The biggest thing that caught me out was the dearth of user-contributed modules relative to previous versions. I'd waited a long time to try Drupal 8 to allow it to become established in this way, knowing that not everyone would be porting their modules to the new system with great speed - after all, these talented folks also would have to learn the system, and those who did would have more bugs than before due to Drupal 8 being such a large scale rewrite. It seems like a year wasn't long enough to wait, though; 8.0.0 dropped in November of 2015 and even a year later, I struggled to find working upgrades to a large number of my go-to Drupal 7 modules. One can't fault anyone for such a thing, and if I really wanted it, I should have built it myself - however, I've done a site already for my portfolio that I wrote from the ground up, and doing it again wasn't convenient in any number of ways. As such, it was difficult for me to justify the workarounds I needed to undertake for D8. On the bright side, there were certainly some modules that everyone used in 7 that became part of the Drupal Core in 8, but that wasn't enough on its own for me to do what I wanted.
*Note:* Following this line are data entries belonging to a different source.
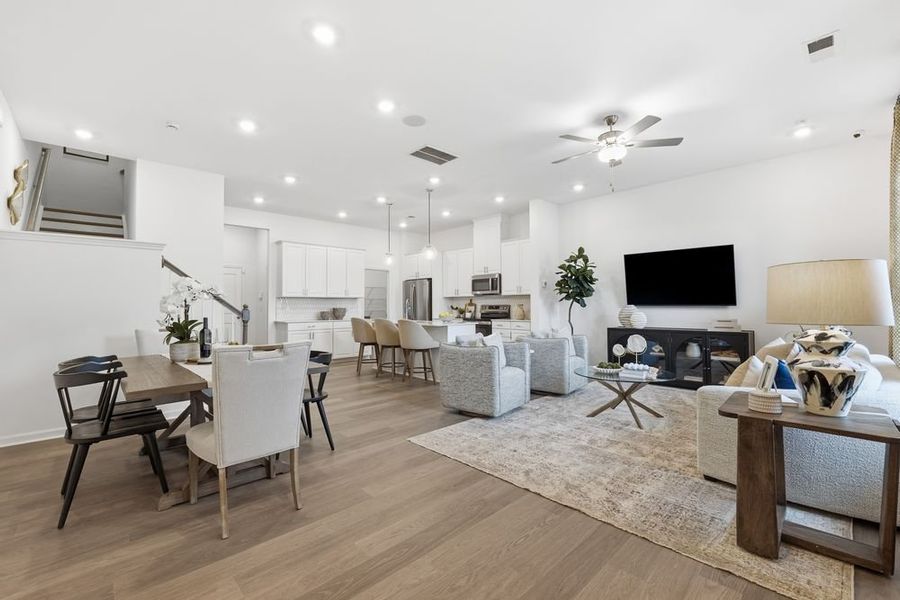 Furnished interior view inside a new home in Indian Trail Townhomes, Indian Trail (Image 15). Furnished interior view inside a new home in Indian Trail Townhomes, Indian Trail (Image 15).
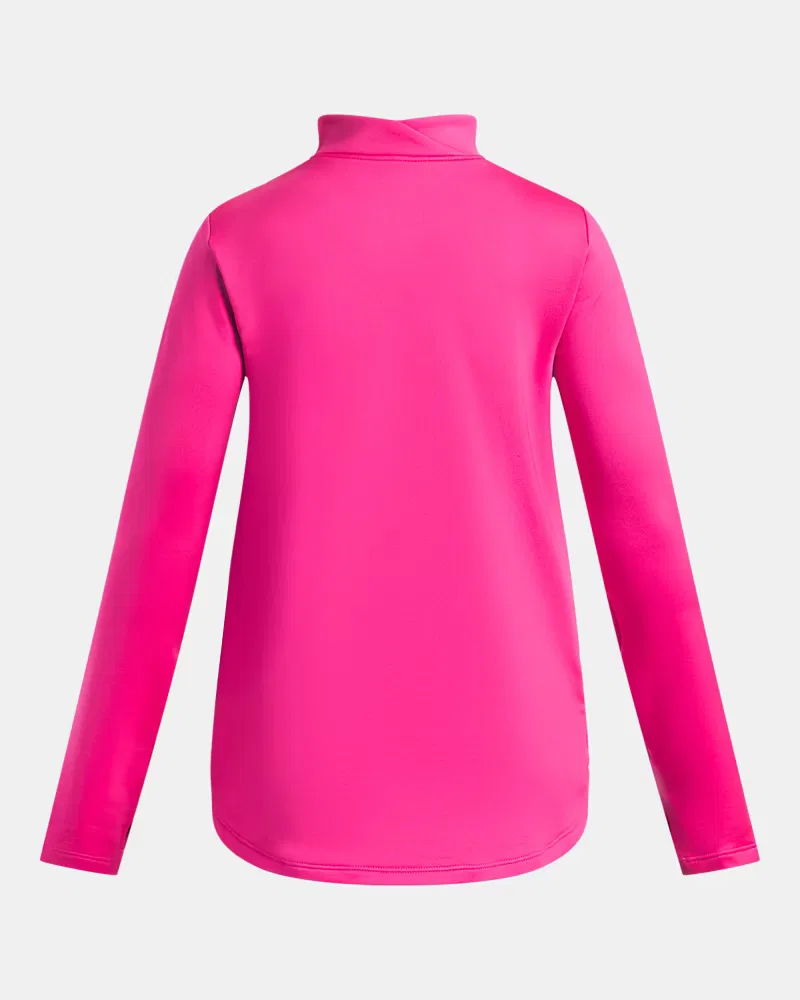 Лонгслив утепленный с половинной молнией UA Cold Weather ½ Zip UnderArmour, Virtual Pink/White — фото 2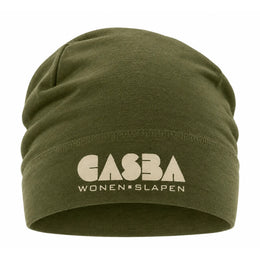 Merinowollen beanie met comfortabele omslag - Olive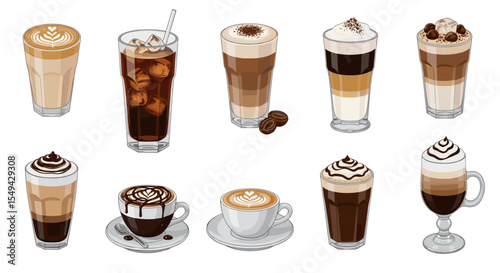 Illustrative assortment of coffee drinks featuring lattes cappuccinos and iced beverages in various glasses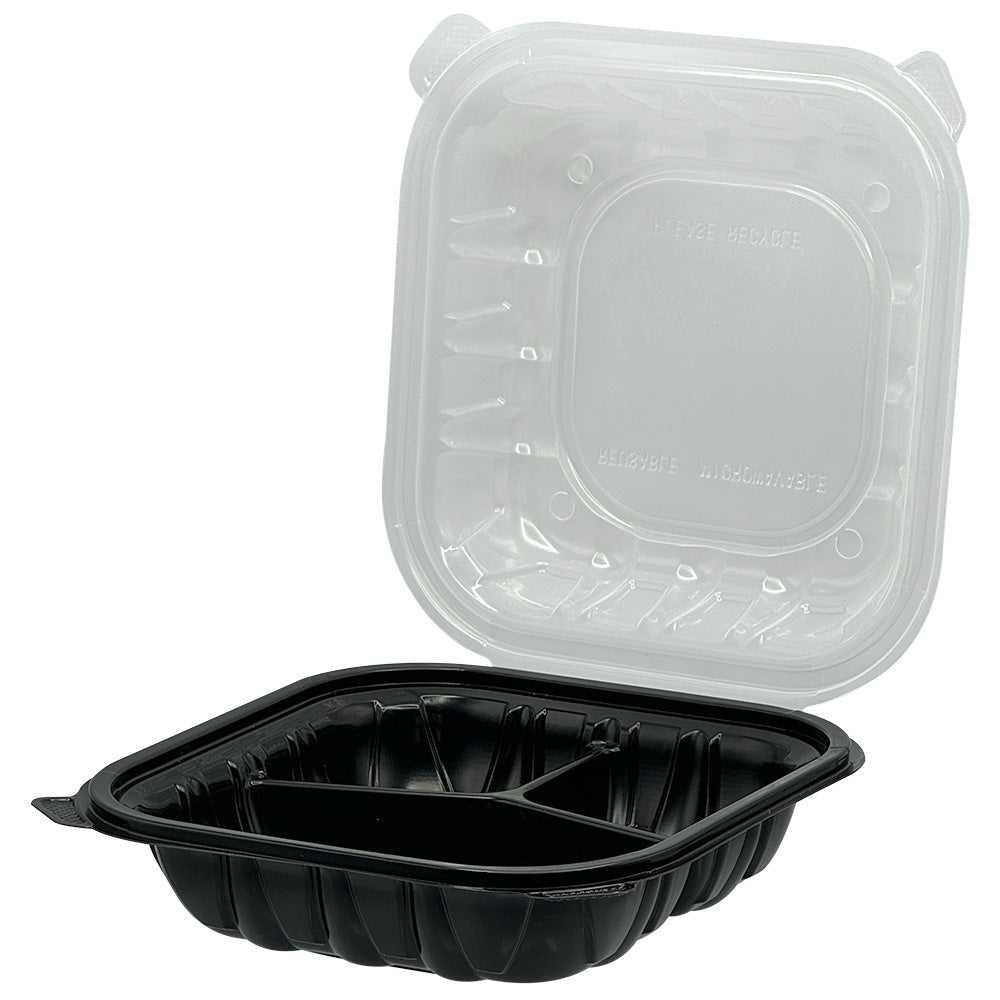 10x9 Hinged clamshell - 3-compartment - PP Black/clear - 150/case - Empress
Drupal 8 also seems far more difficult to work with as a customizer. The move to templating pages using Twig is a really good one in theory, for instance. After getting used to working in Twigs, it was difficult for me to go back to the old Drupal 7 style of templating. But the sheer number of Twigs available and isolating what ones I needed was a drag, and I wasn't working in the system long enough to build up muscle memory of where to best look for things. This is an issue I would have gotten around over time, probably fairly quickly, but given the amount of effort I wanted to put in to this site, it didn't work out very well for me at the time. Of course, I should note that I put quite a lot of effort into this site, particularly for it being so relatively small, but that effort was mainly driven towards the UX, not in trying to nickel-and-dime the framework into doing what I wanted.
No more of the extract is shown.